Nobody has time right now, closing as LATER.
Sigh. Reopening as this is a vital fix. Volker, Michael has already re-pushed your fix to master (and if he didn't get to it, I will). I really appreciate the work you did on getting a reproducible environment for this, and the fix is an essential one (as you know :-). Jeremy.
Marking this as a blocker bug. We must not ship another Samba release with this bug unfixed.
Created attachment 11471 [details] git-am fix for 4.3.next, 4.2.next. Cherry-picked from master.
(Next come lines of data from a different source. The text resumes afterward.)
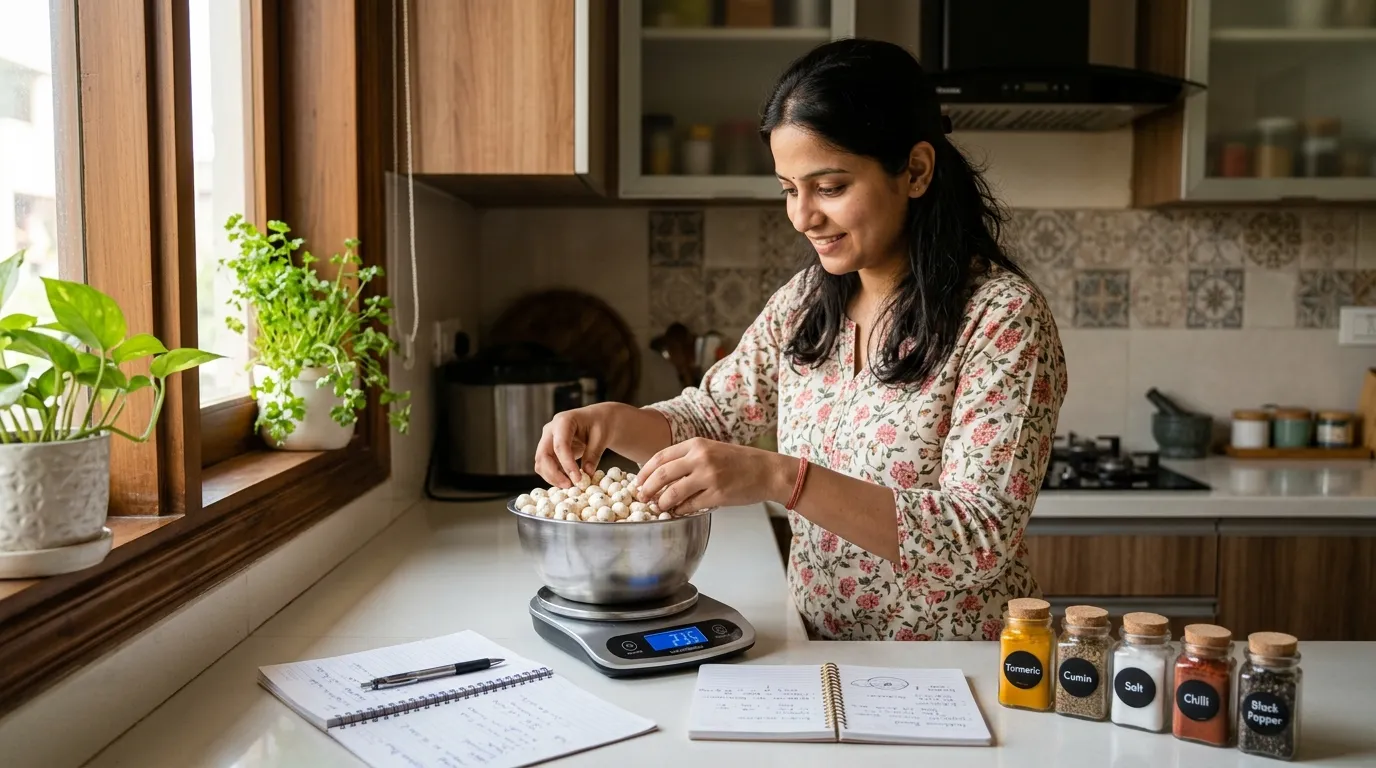 Beginner weighing raw makhana in a home kitchen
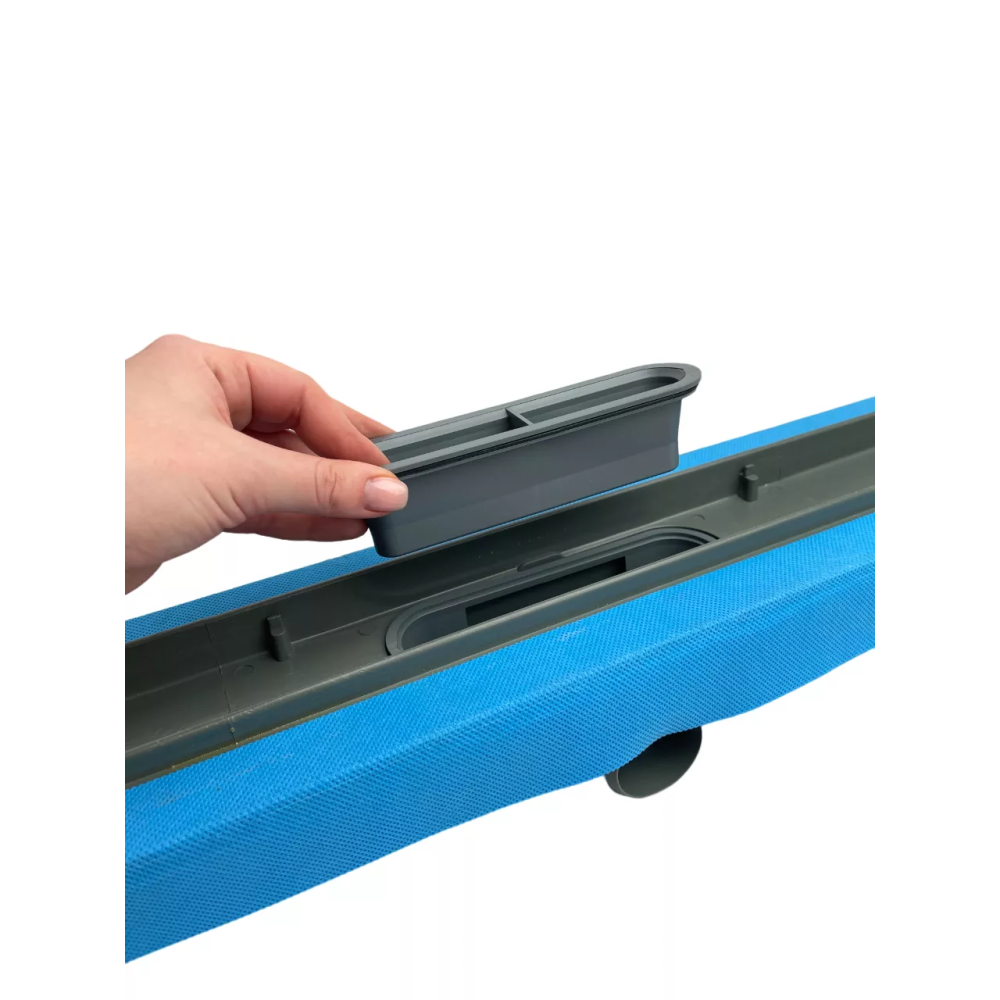 Душевой лоток, решетка "Волна" 60 см, Душевой канал с горизонтальным фланцем с двойным гидрозатвором Душевой лоток, решетка "Волна" 60 см, Душевой канал с горизонтальным фланцем с двойным гидрозатвором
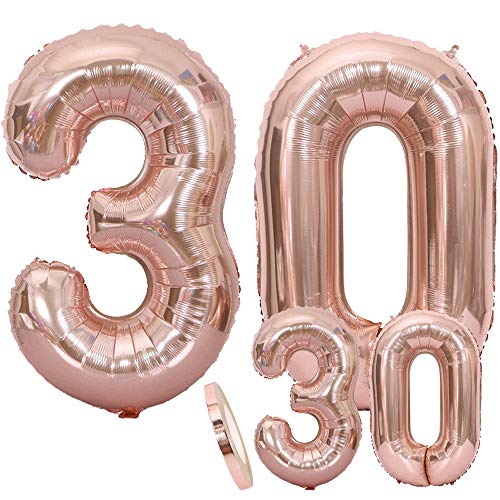 Luftballons Zahl 30 Geburtstag XXL Rose Gold - Riesen Folienballon in 2 Größen 40" & 16" | Set XXL 100cm + Mini 40cm Version Geburtstagsdeko | Insgesamt Vier Zahlen | Ideal zum 30. als Deko Luftballons Zahl 30 Geburtstag XXL Rose Gold - Riesen Folienballon in 2 Größen 40" & 16" | Set XXL 100cm + Mini 40cm Version Geburtstagsdeko | Insgesamt Vier Zahlen | Ideal zum 30. als Deko von cholinchin
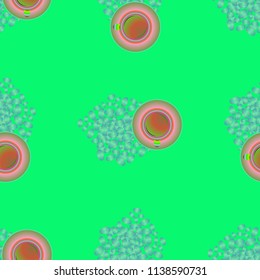 Cup of coffee or tea on beans background seamless pattern.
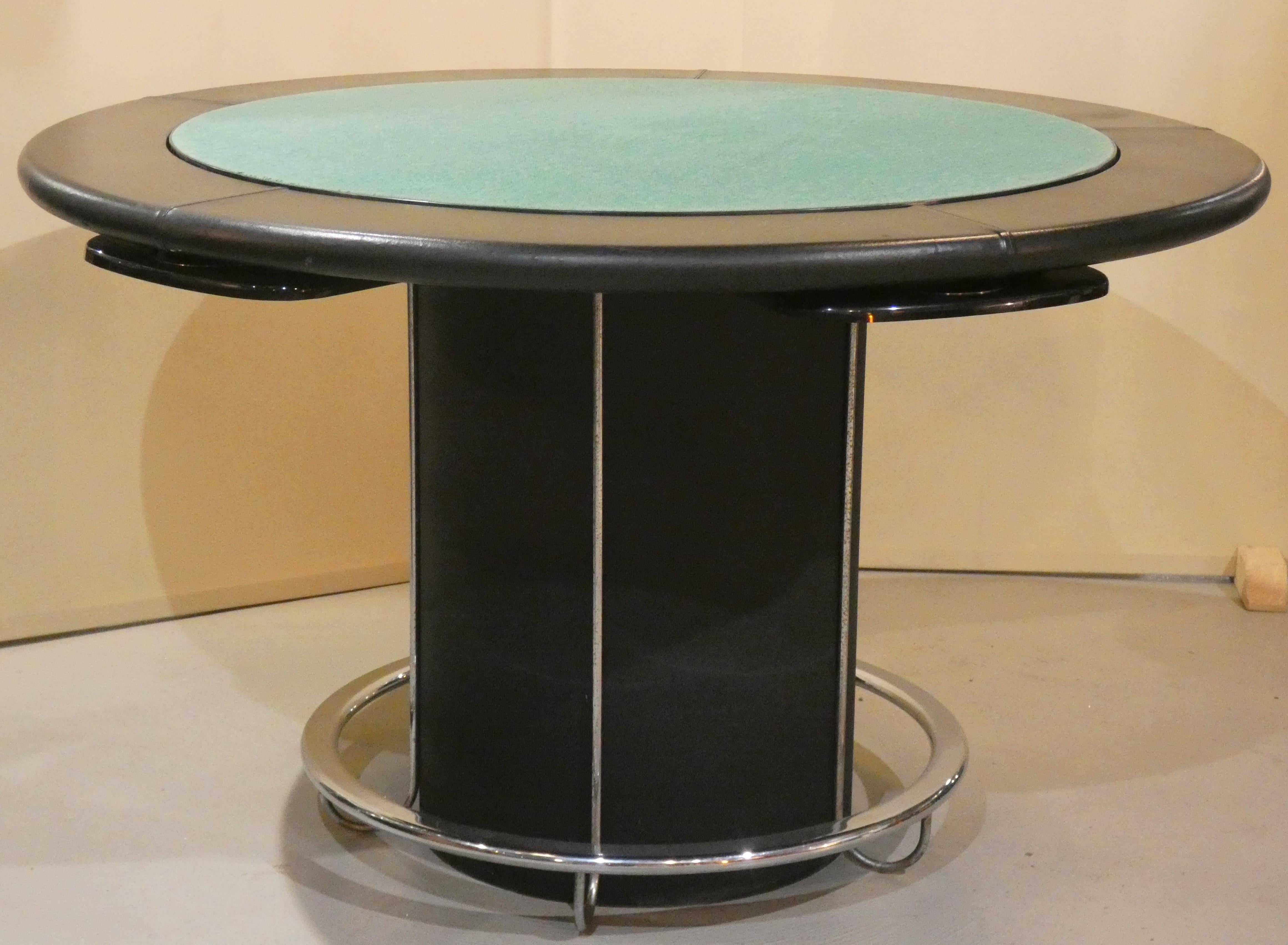 Ère spatiale Table de jeu en cuir et acier, Italie 1970 en vente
Created attachment 11473 [details] git-am back-port for 4.3.next Adds both patches needed.
Created attachment 11474 [details] git-am back-port for 4.2.next
Comment on attachment 11473 [details] git-am back-port for 4.3.next LGTM, Thanks!
Comment on attachment 11474 [details] git-am back-port for 4.2.next LGTM, Thanks!
Re-assigning to Karolin for inclusion in 4.3.next, 4.2.next.
(In reply to Jeremy Allison from comment #49) I was confused by the bug number in the file names, but the commit message belongs to this one ;-). Pushed to autobuild-v4-[3|2]-test.
(In reply to Karolin Seeger from comment #50) Pushed to both branches. Closing out bug report. Thanks!